J Clin Psychiatry. 1994 Jan;55(1):24-5.
To determine the efficacy and safety of a serotonin selective reuptake inhibitor (SSRI) combined with moclobemide in the treatment of 11 patients with various DSM-III-R diagnoses.
Subjects received moclobemide in doses of 150 to 800 mg/day together with sertraline (N = 5) in doses of 25 to 200 mg/day or fluvoxamine (N = 6) in doses of 50 to 200 mg/day. Patients were carefully monitored for side effects and for clinical response at the end of the trial, which lasted a minimum of 5 weeks.

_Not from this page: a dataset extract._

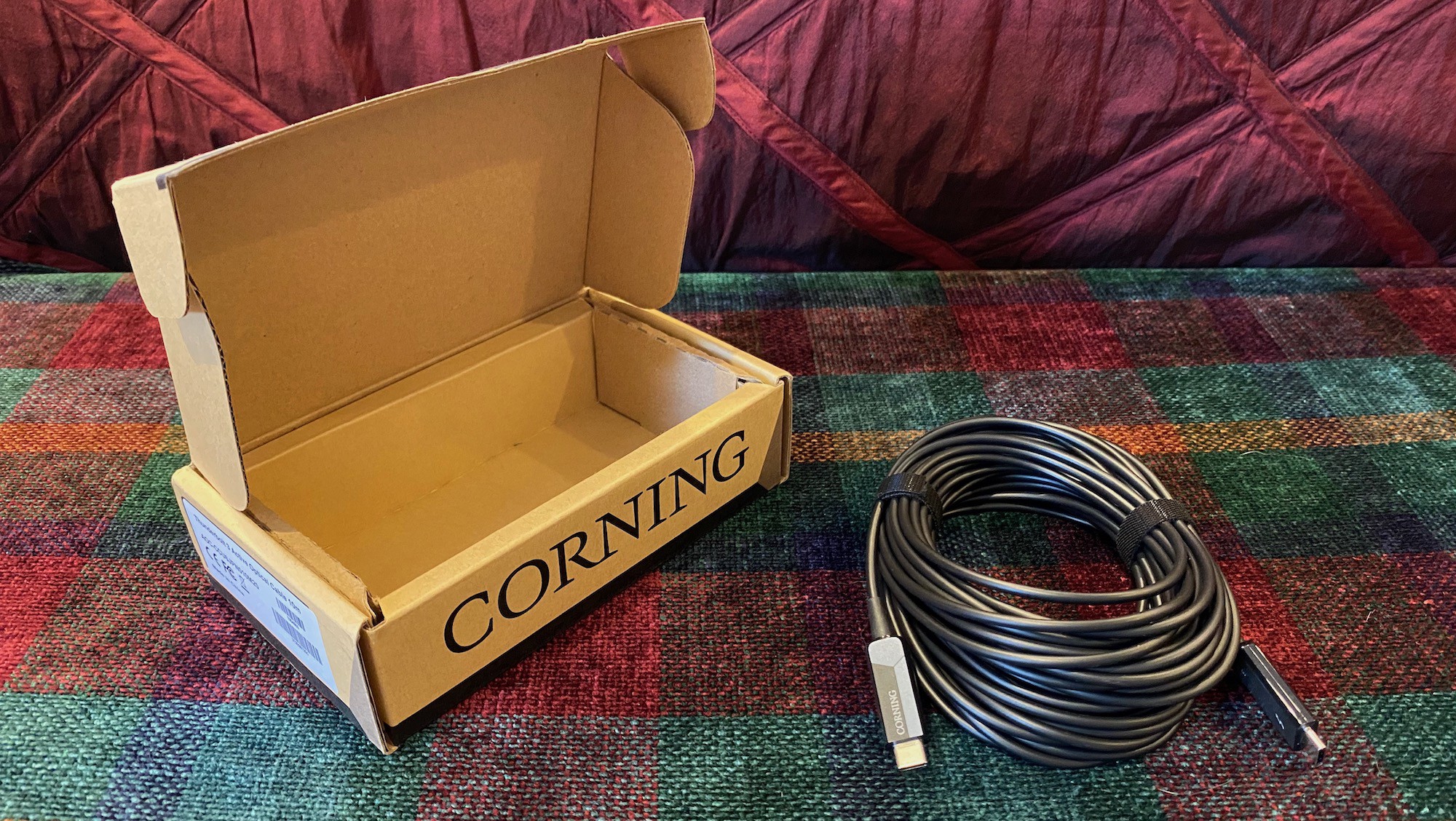 Corning's Optical Thunderbolt 3 Cables Now Available in Lengths From 5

The combination was tolerated extremely well. Insomnia was the most common side effect, occurring in 5 of 11 subjects. A marked or complete therapeutic response was noted in 8 of 11 subjects.

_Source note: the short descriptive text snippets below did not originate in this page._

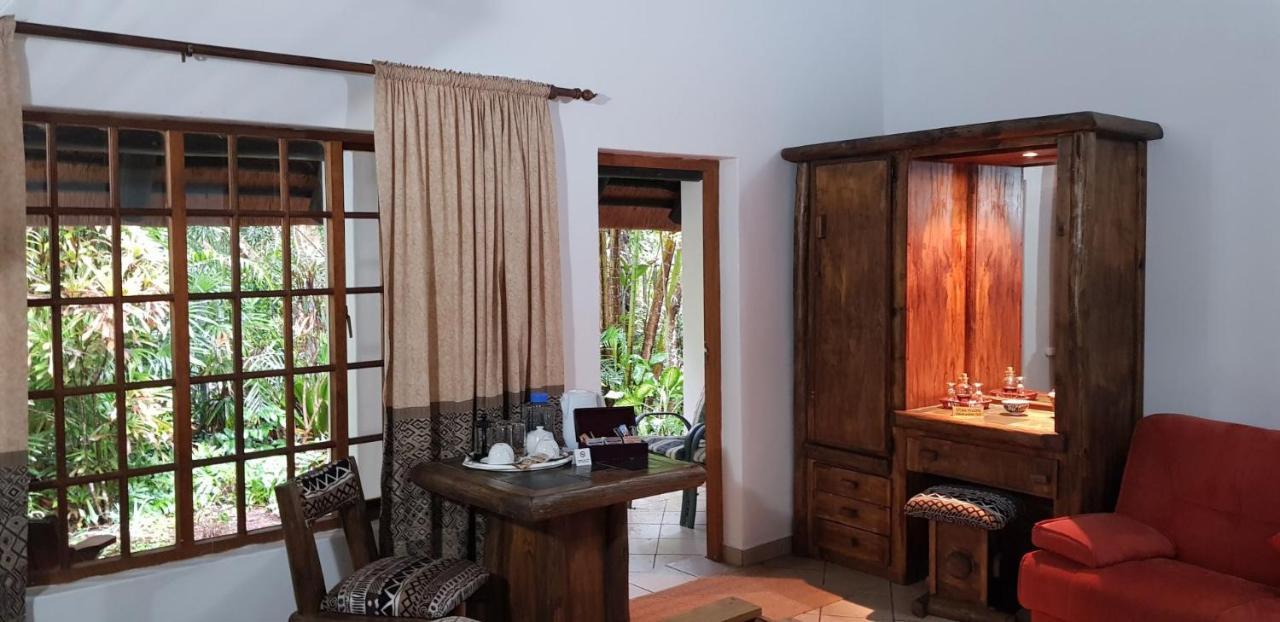 African Ambience Guest House Saint Lucia Estuary 외부 사진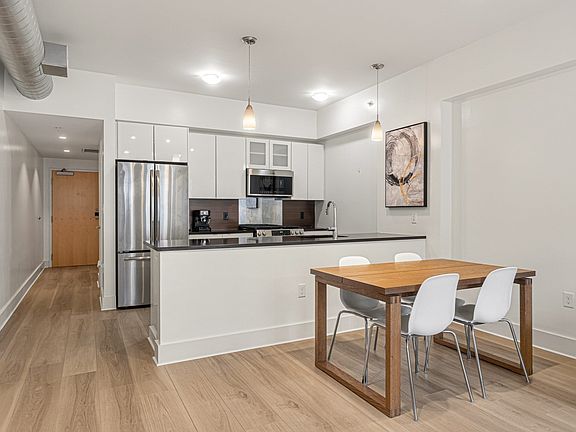 3rd image of 257 Northampton St Unit 510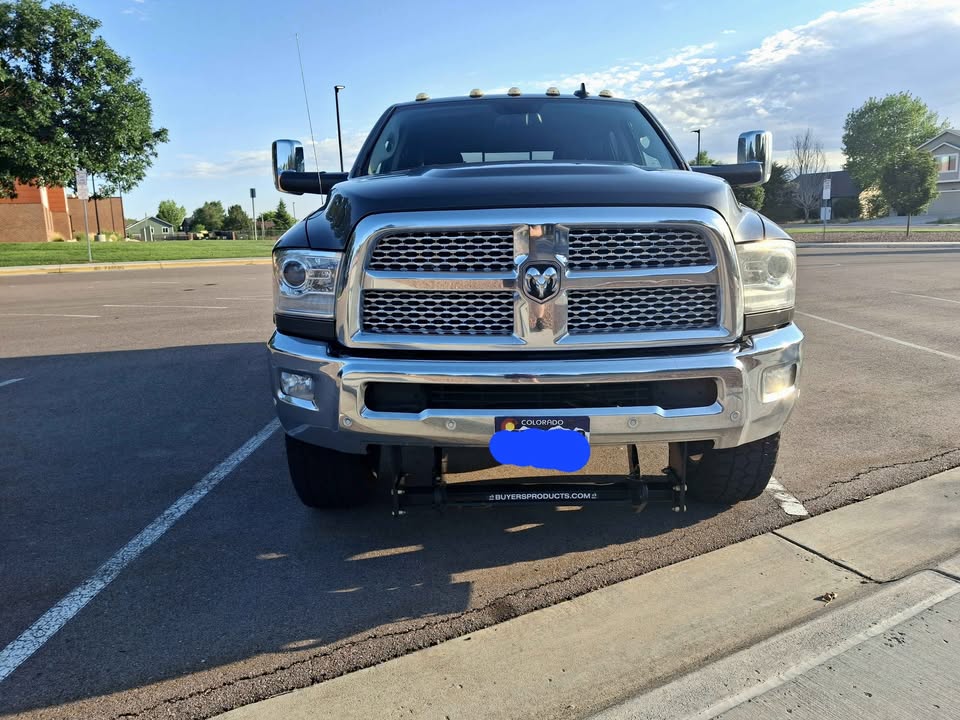 Used 2017 RAM 3500 Laramie w/ Snow Chief Group AWD/4WD image 2
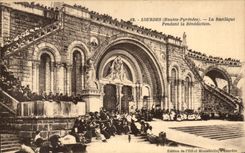 CPA Lourdes the Basilica and the Pyrenees during the Blessing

This open clinical trial suggests that combined SSRI-moclobemide treatment appears to be safe and well tolerated. It may also have therapeutic effects in treatment-refractory patients.
确定一种5-羟色胺选择性再摄取抑制剂(SSRI)联合吗氯贝胺治疗11例患有各种DSM-III-R诊断的患者的疗效和安全性。
受试者接受每日150至800毫克剂量的吗氯贝胺,同时接受每日25至200毫克剂量的舍曲林(N = 5)或每日50至200毫克剂量的氟伏沙明(N = 6)。在持续至少5周的试验结束时,仔细监测患者的副作用和临床反应。
该联合用药耐受性非常好。失眠是最常见的副作用,11名受试者中有5人出现。11名受试者中有8人出现明显或完全的治疗反应。
这项开放性临床试验表明,SSRI-吗氯贝胺联合治疗似乎安全且耐受性良好。它对难治性患者可能也有治疗效果。